### ACTION ITEM:
Word for word, restate the lines of the listing below from the line with "2023 Toyota Sienna Limited 7 Passenger" through the line with "Таксистам разрешили работать", and do not include the pictures.

### DATA FOR ANALYSIS:
--------------------

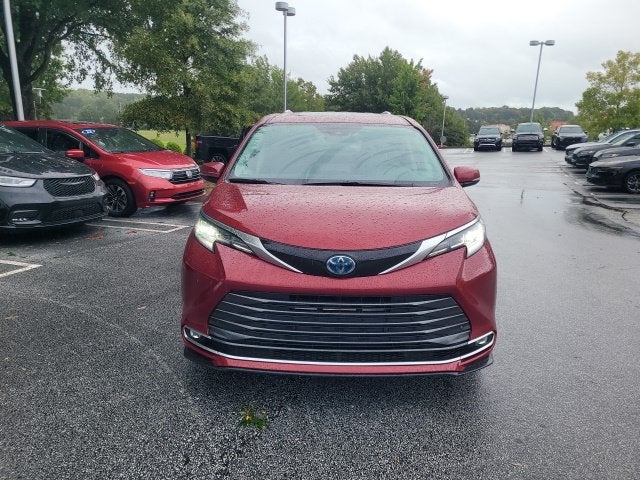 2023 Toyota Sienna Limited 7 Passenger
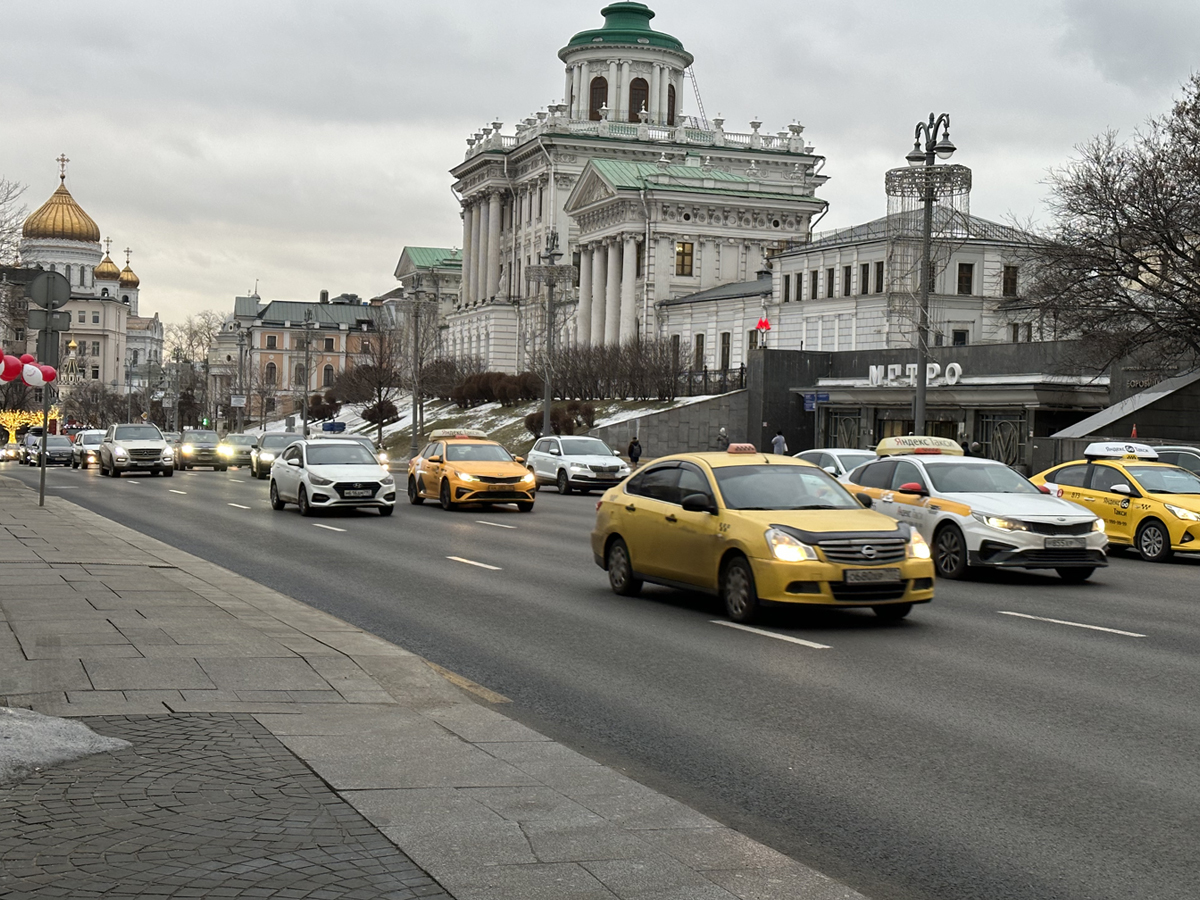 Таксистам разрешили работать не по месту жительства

--------------------

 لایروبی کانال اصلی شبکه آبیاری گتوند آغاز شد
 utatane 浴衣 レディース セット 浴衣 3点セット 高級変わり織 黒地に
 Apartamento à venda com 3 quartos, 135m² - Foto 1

--------------------

### RESULT OF THE TASK:
 2023 Toyota Sienna Limited 7 Passenger
 Таксистам разрешили работать не по месту жительства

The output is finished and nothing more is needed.